Actually SMS is being replaced to some degree by mobile-based instant messaging, including push notifications, which provides some new features and are much lower cost. Many of the 4G LTE networks don't yet support SMS despite being from the same mobile operators.
Expensive IPv4 blocks mean that the price of hosting a website on IPv6 is cheaper, or getting IPv6 access via broadband, so ultimately this will have an effect. A similar example: the price difference between Windows and Linux web hosting is one reason why Windows only has about 20% of the market there, which illustrates this can happen despite switching costs. The price difference per month is only a few dollars for Windows vs. Linux but it does have a market impact, and totals to a big impact on Microsoft's potential revenues.
Going IPv6 on a webhost is not that expensive initially - they must ensure the OS is configured OK on the servers they start with, and provide a 6to4 tunnel to someone like Hurricane Electric.

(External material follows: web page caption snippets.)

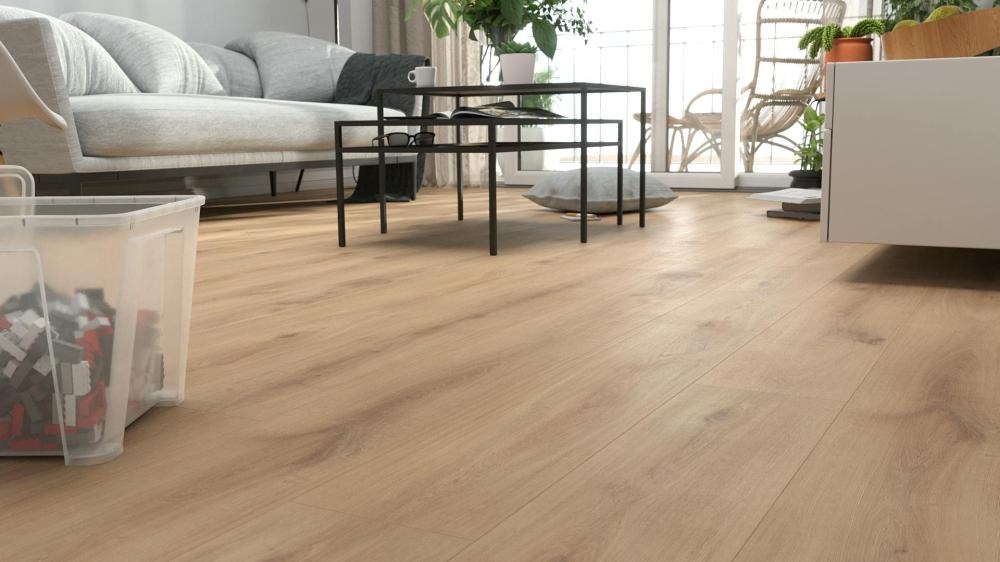 MyStyle Laminat 'Golden Vista Oak'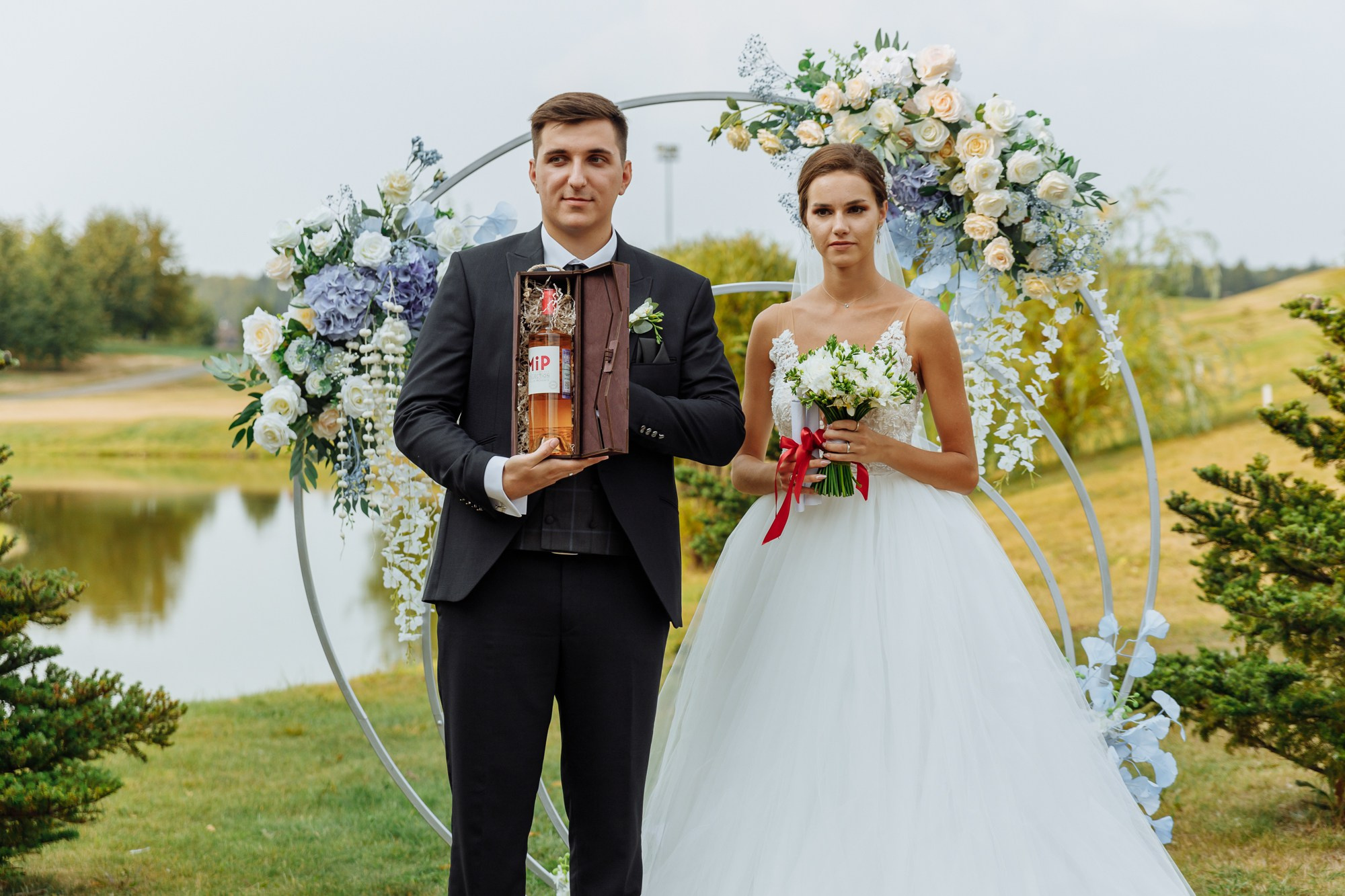 Максим и Маргарита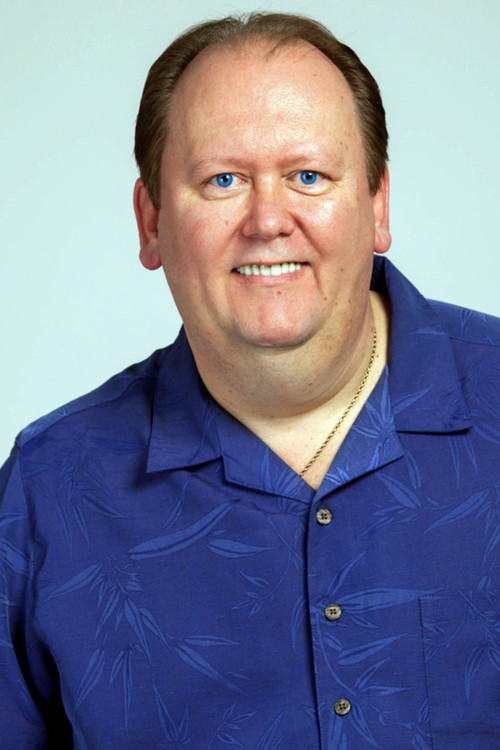 Photo of Buddy Campbell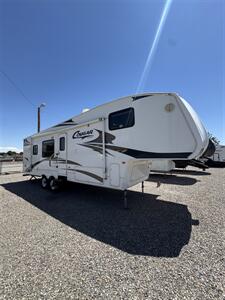 2008 Keystone COUGAR 292RKS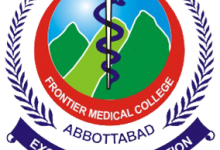 Frontier Medical College Abbottabad Admissions, Courses, Fee Structure, Contact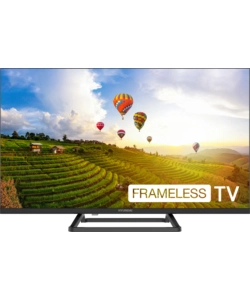 TELEVISORE FRAMELESS HYUNDAI "HN-32EV3H" HD READY 32"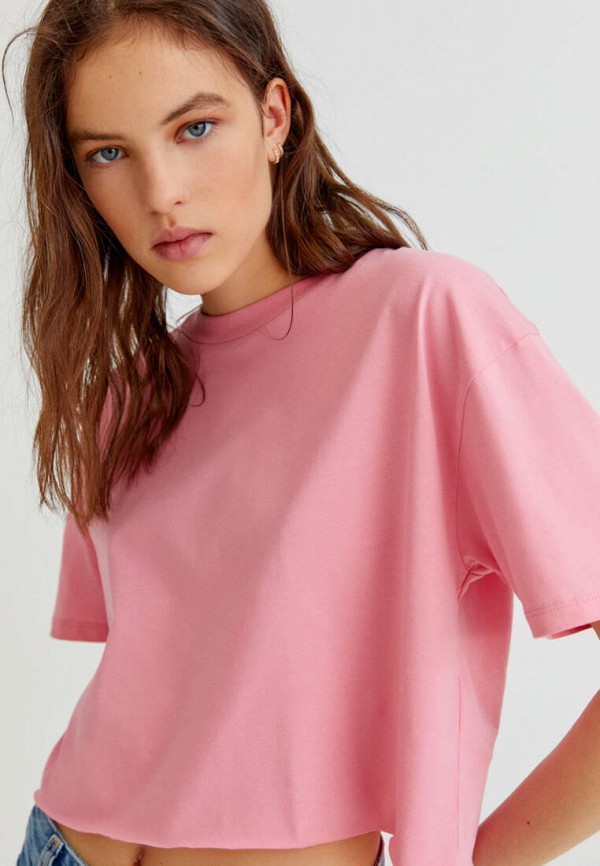 фото Топ pull&bear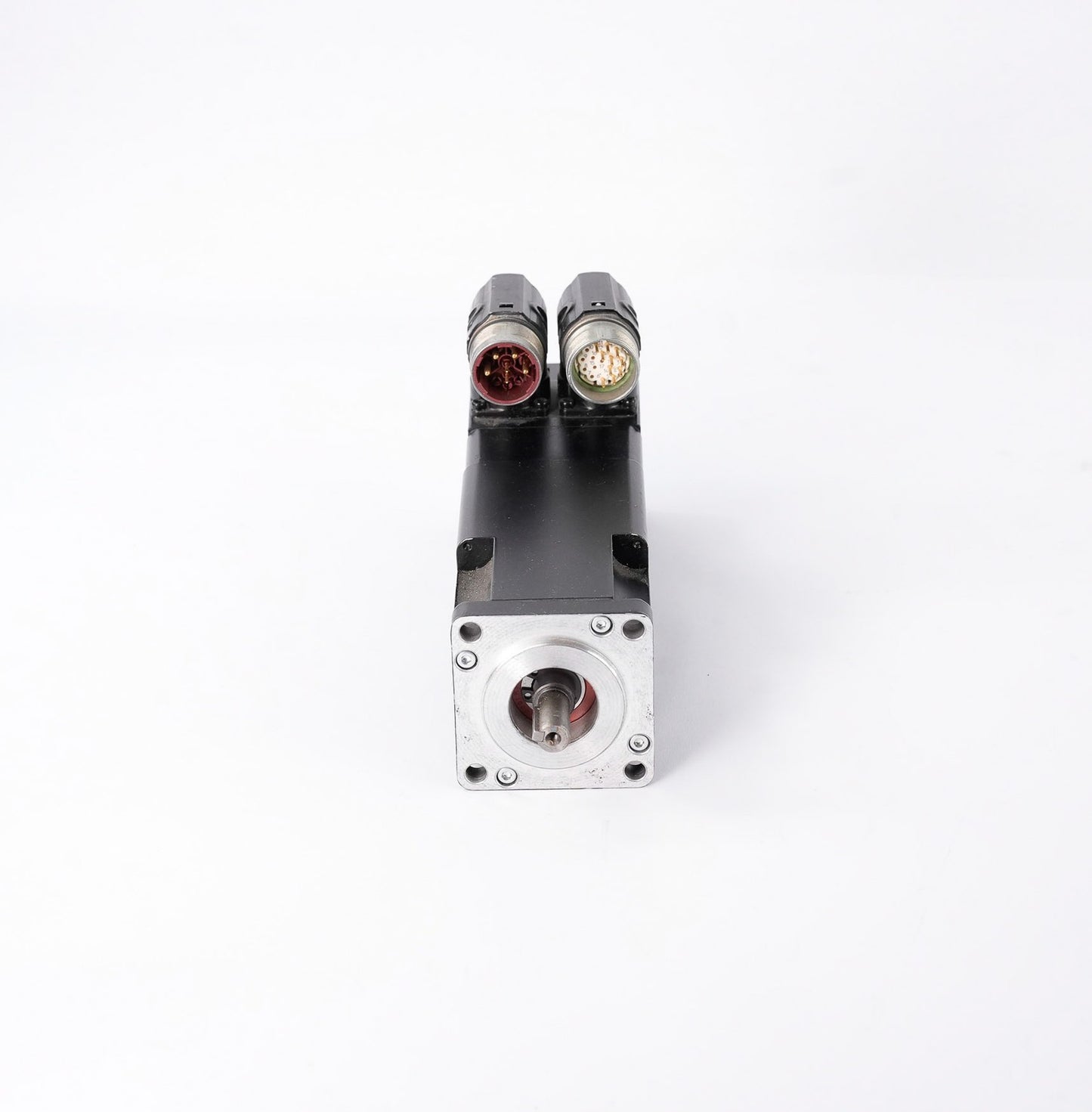 Allen Bradley MPL-B1530U-VJ44AA /A Servo Motor 460V 7000RPM 0.39kW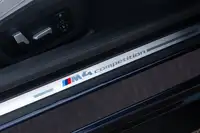 2022 BMW M4 Cabriolet Competition-For Sale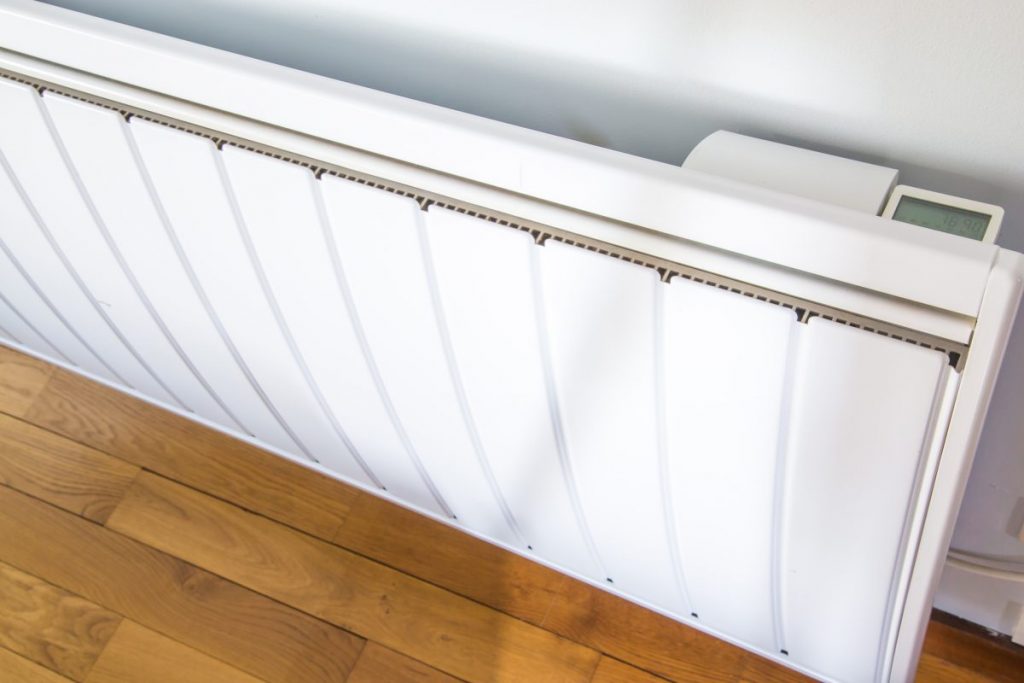 radiateur electrique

That's all endpoint configuration and can be the end of phase 1 - only once they get customers on IPv6 do they need to look to a native IPv6 end to end with an IPv6 upstream, which can be phase 2 once they have IPv6-driven revenues. Much easier to make the business case.
Ultimately the customers of webhosts will decide - if they get more problems with IPv4 due to NAT, they will ask their webhosts for IPv6, and some of them will switch to hosts that do provide IPv6.